UN GOUVERNEMENT A REMANIER LE JOUR DE SA NOMINATION
Burundi news, le 13 juillet 2007
Par Gratien Rukindikiza
Le ridicule ne tue pas. En politique, le mur des honneurs protège contre la honte, la faiblesse et l’inaptitude aux actes de diriger. Un gouvernement est désigné avec beaucoup de sérieux. Il ne se désigne pas à la légère. Jamais, nulle part ailleurs, un ministre pourrait être nommé sans être consulté.
Le Burundi est l’exception. Le Président vient de nommer un gouvernement sans consulter même ceux qui doivent y entrer. D’autres noms sont changés le jour même, voire l’heure même de la sortie du décret de nomination du gouvernement.
Des démissions déjà du gouvernement
Comme je l’avais annoncé, l’Uprona n’a pas donné les noms. C’est le 1 er vice-Président a donné sa liste. En conséquence, le Dr Yves Sahinguvu nommé ministre de la santé, qui n’a pas été consulté, vient de refuser d’entrer dans le gouvernement. C’est ce qu’on appelle l’Abracadabrantesque.
Karenga et Immaculé Nahayo, proches de Radjabu, refusent aussi d’entrer au gouvernement, selon des sources non encore confirmées. Ils n’auraient pas été consultés. Faut-il rappeler les anciens ministres ?
Le Président est obligé de former un autre gouvernement. Comment pourra-t-il expliquer ce couac?
Je t’aime, moi non plus
La séduction envers les pro Radjabu ne donnera pas des fruits car c’est l’amour à sens unique. Les signes d’apaisement du Président ne rassurent pas les pro Radjabu tant que Radjabu reste en prison. Ils attendent des signes forts. L’entrée dans le gouvernement est un leurre.
Une rumeur parle de la prochaine libération de Radjabu pour que ses députés votent en faveur du Président de la République.
Il y a lieu de se demander pourquoi Radjabu reste en prison s’il n’a aucune accusation de corruption.

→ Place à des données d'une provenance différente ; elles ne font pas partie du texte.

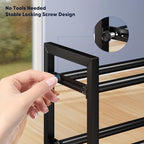 Abiglifty 5-Tier Expandable Shoe Rack,17"-33" Adjustable Shoe Rack for Closet,Metal Shoes Shelves for Front Door Entrance, Ga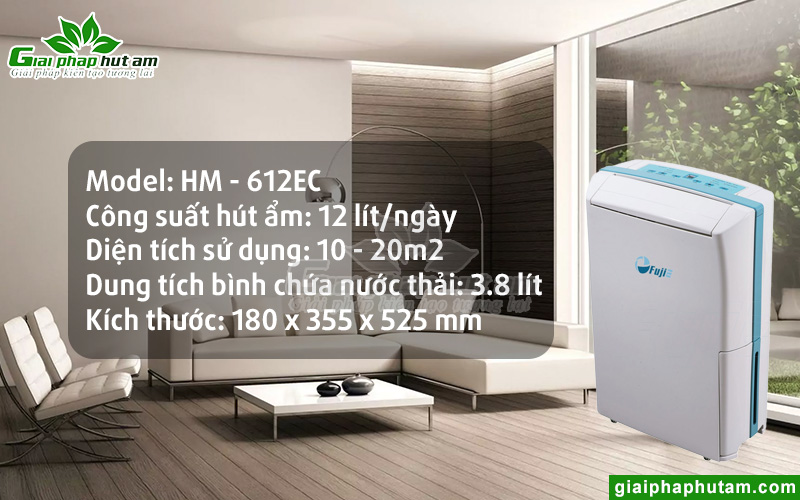 Thông số kỹ thuật máy hút ẩm dân dụng FujiE HM-612EC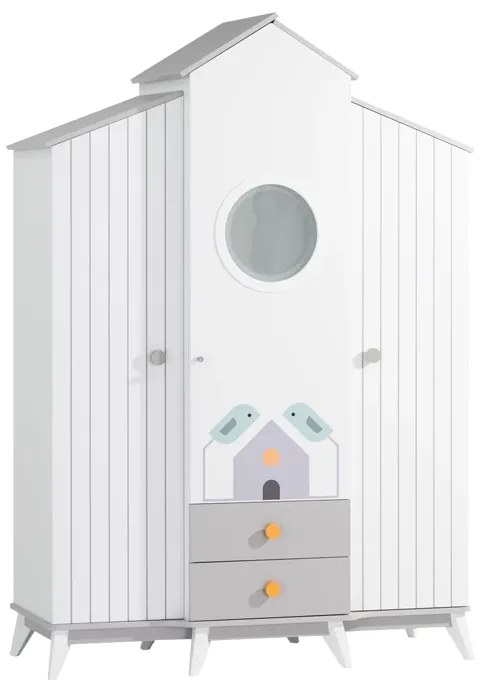 Трикрилен детски гардероб BIRD HOUSE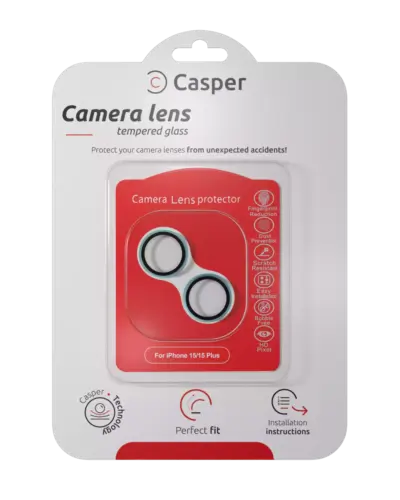 Casper Camera Lens Protector For iPhone 15 / 15 Plus (blue) (Clear)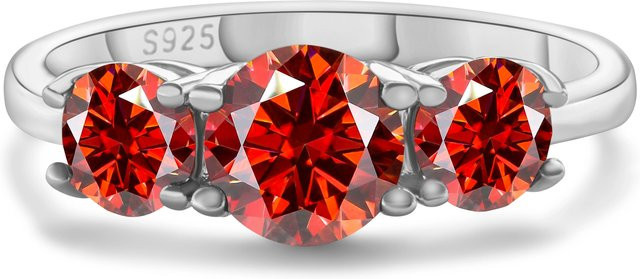 Ring 925 Silber, roter Moissanit, Damen - Bild 1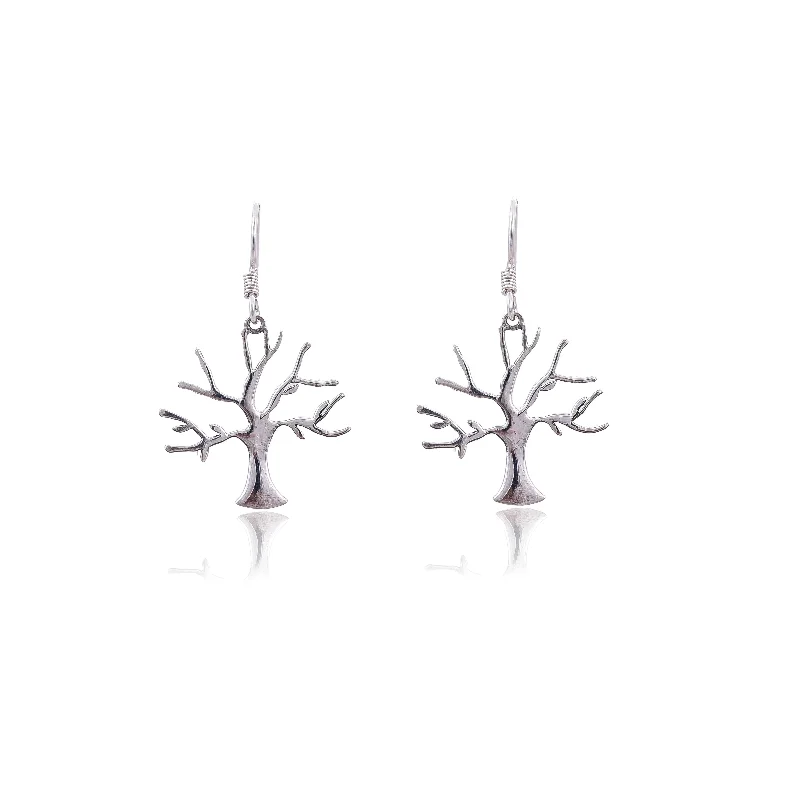 silver drop earrings for women-Silver Mountain Sterling Silver Life Of Tree Earring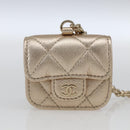 CHANEL Matelasse Coin Purse & AirPods Case Pouch Leather Gold CC Auth 170846SM-21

S’il est accusé de tentative de reprise de rébellion, il pourrait même plaider coupable comme un certain Nkurunziza Pierre. Il a été en rébellion et il est devenu Président de la République. Or, les dossiers de corruption concernent aussi les hommes du pouvoir. Aucune personnalité n’est condamnée par un dossier de corruption.
L’art de mécontenter tout le monde
Le Président de la République vient de réussir là on ne l’attendait pas. Il a mécontenté tous les grands partis avec la nomination du nouveau gouvernement.
Le CNDD-FDD n’en revient pas. Le retour de Karenga et de Madame Nahayo sonne comme un coup dans le dos de ceux qui se sont impliqués dans le limogeage de Radjabu et de Nahayo. Les militants qui ont cru que l’ère de Radjabu a changé ne décolèrent pas. D’après certains témoignages, la décision du Président est incompréhensible. La question qui se pose est de savoir qui est encore avec le Président de la République. Certains pensent qu’il est surtout avec les footballeurs de Alléluia et ceux qui prient avec lui.
Le Frodebu ne reconnaît pas les membres du gouvernement revendiquant leur appartenance à ce parti. Ils ont refusé d’y entrer ; donc il joue l’opposition. Sans le Frodebu et les députés de Radjabu, le pouvoir est minoritaire.
L’Uprona n’a désigné personne pour entrer au gouvernement. Le Dr Yves Sahinguvu vient de refuser d’y entrer. Certains parlent même de l’implication de l’ancien Président Buyoya qui aurait donné des conseils au Président sur sa demande. Il aurait suggéré ces deux noms des Upronistes à savoir Njoni et Sahinguvu.
Un gouvernement sans avenir
Un remaniement est automatique car il faut remplacer ceux qui vont refuser ou qui ont déjà refusé d’y entrer. Cependant, sans un soutien du Parlement, ce gouvernement peut entraîner celui qui l’a nommé.
Ce gouvernement était attendu depuis plus de deux mois. Il a été l’objet des spéculations. Un gouvernement est une surprise. Plus les rumeurs d’un remaniement durent, plus la formation et l’acceptation de ce gouvernement se compliquent. C’est ce qui vient d’arriver à ce gouvernement. Ceux qui devaient être limogés par le Président sont d’abord ses conseillers. Ils ont fait tout sauf donner des conseils au Président.